The Treaty of Washington arbitrated several contentious issues that had soured relations between Britain, Canada, and the United States in the mid-19th century. First, there was a dispute over the boundary between the United States and Canada on the West Coast. The Oregon Treaty of 1846 had set the boundary at the middle of the channel separating Vancouver Island from the mainland, but since there was no well-defined channel, sovereignty over the midchannel San Juan Islands was left in question. There was also the fisheries problem, since Americans had been fishing in Canadian coastal waters for many years, much to that dominion’s annoyance. A recent irritant to Anglo-American relations was the American failure to prevent the raids in 1866 and 1870 on Canada perpetrated by Irish-American Fenians in the hopes of instigating an Anglo-American war that would free Ireland from British rule.
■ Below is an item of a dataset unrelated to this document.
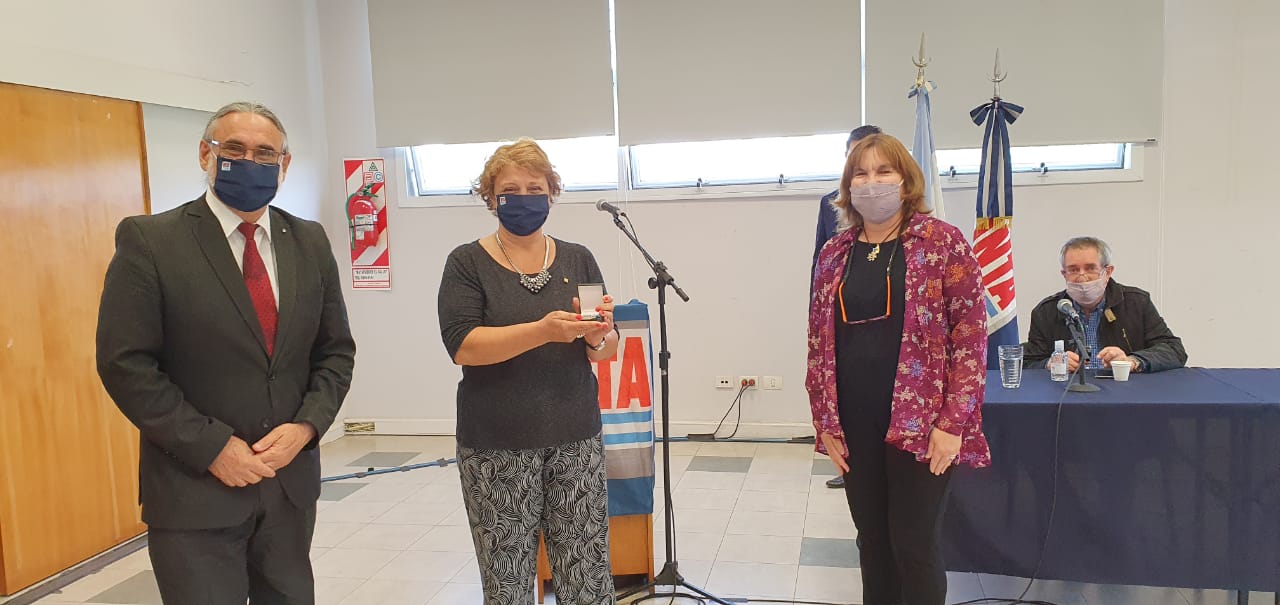 En el INTA capacitan a sus empleados con Ley Micaela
The foremost issue, however, was the Alabama claims. The question of the recompense for damage done to American shipping during the Civil War by British-built cruisers (the Alabama and her sister ships) had poisoned Anglo-American relations since that war’s conclusion. Britain had repeatedly rebuffed American demands that it express regrets for its actions and make payment to the United States for shipping losses and the costly pursuit of the commerce raiders. Charles Sumner, chair of the Senate Foreign Relations Committee, said the British owed the Americans not only $15 million in direct damages but also an additional $2 billion for prolonging the war two years by its support of the Confederacy. It was obvious that Sumner and like-minded expansionists would accept Canada in lieu of cash.
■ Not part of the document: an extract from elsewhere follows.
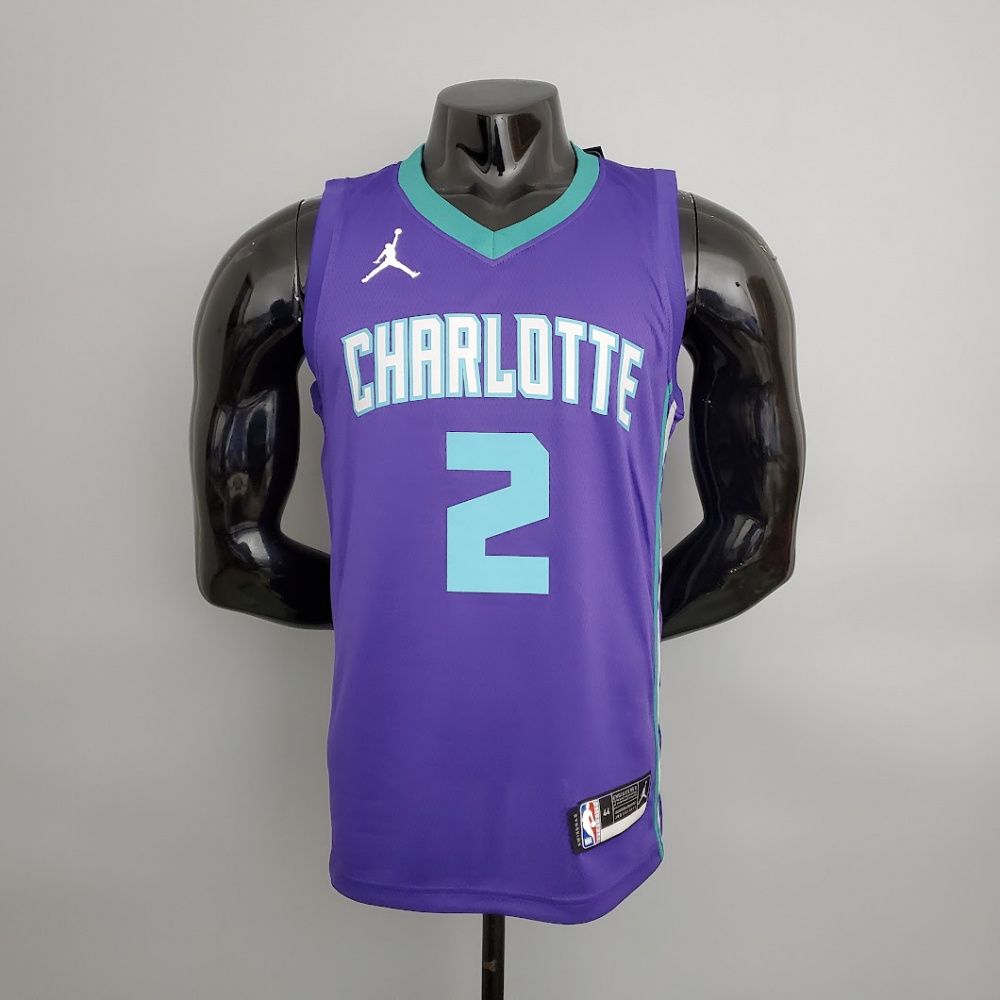 Swingman Jersey Charlote Hornets Classic Edition 19/20 - LaMelo Ball #2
For years the situation defied settlement, but President Ulysses S. Grant soured on Sumner and gave his moderate secretary of state Hamilton Fish a free hand. Meanwhile, Britain, fearing that neutrals might build cruisers bent on destroying British commerce in a future conflict, was having second thoughts about its dubious neutrality during the Civil War. On May 8, 1871, Britain, with Canada represented among its negotiators, and the United States signed the Treaty of Washington, which stipulated that the Alabama claims would be settled by an international arbitration panel that would meet in Geneva. The British expressed regret for the damage done by British-built warships and agreed to rules defining neutral behavior. Both sides agreed to reciprocal fishing rights in American and Canadian territorial waters, with the price of the Canadian rights, which were of greater value, to be determined by a joint commission. It was also agreed that the emperor of Germany, Wilhelm I, would arbitrate the settlement of the San Juan boundary dispute. The treaty passed the Senate on May 24, 1871, by a vote of 50 to 12.
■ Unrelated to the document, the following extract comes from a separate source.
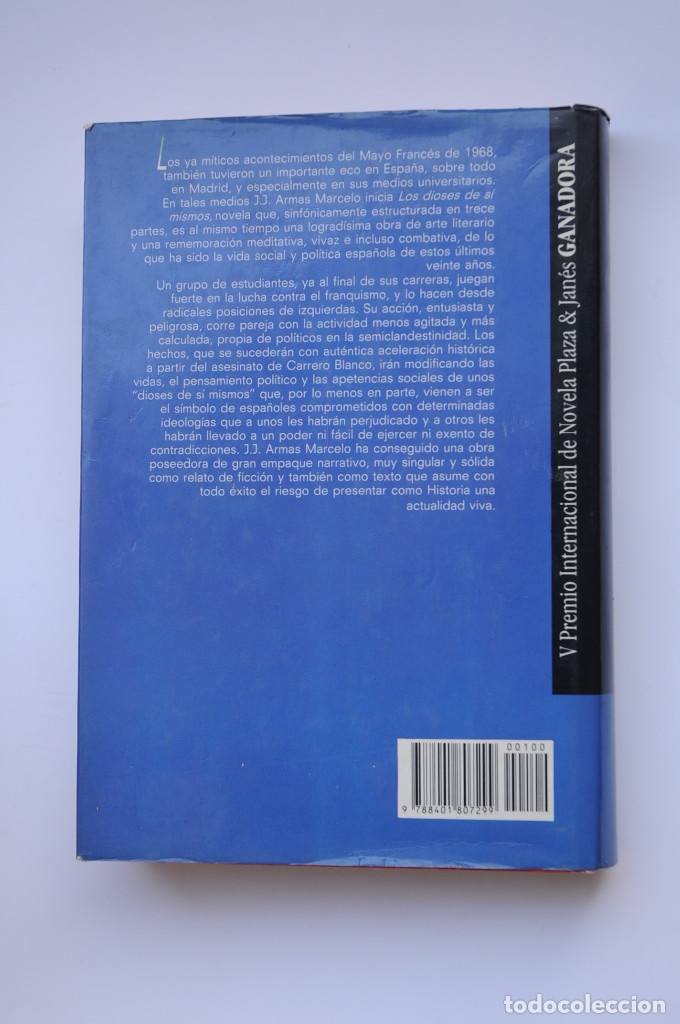 Libros: Los dioses de s&iacute; mismos - ARMAS MARCELO, J. J. - Foto 4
At the commencement of the arbitration panel in Geneva in December 1871, the United States renewed the Sumner claim for indirect damages, inspired some months of war talk, and jeopardized the treaty until cooler heads prevailed and the Americans retreated. On June 19, 1872, the tribunal’s president Count Federico Sclopis of Italy announced that the indirect claims were outside the avowed purview of the panel. Getting down to business, on September 14, 1872, the arbitration panel ordered Great Britain to pay the United States $15.5 million. Later in 1872 the German emperor awarded the San Juan Islands to the United States; in 1873 a commission on the outstanding claims of both the United States and Britain awarded almost $2 million to the latter; and in 1875 the fisheries commission awarded the British $5.5 million. Although Canadians, Britons, and Americans all grumbled, all were winners in the most successful arbitration treaty the world had yet witnessed.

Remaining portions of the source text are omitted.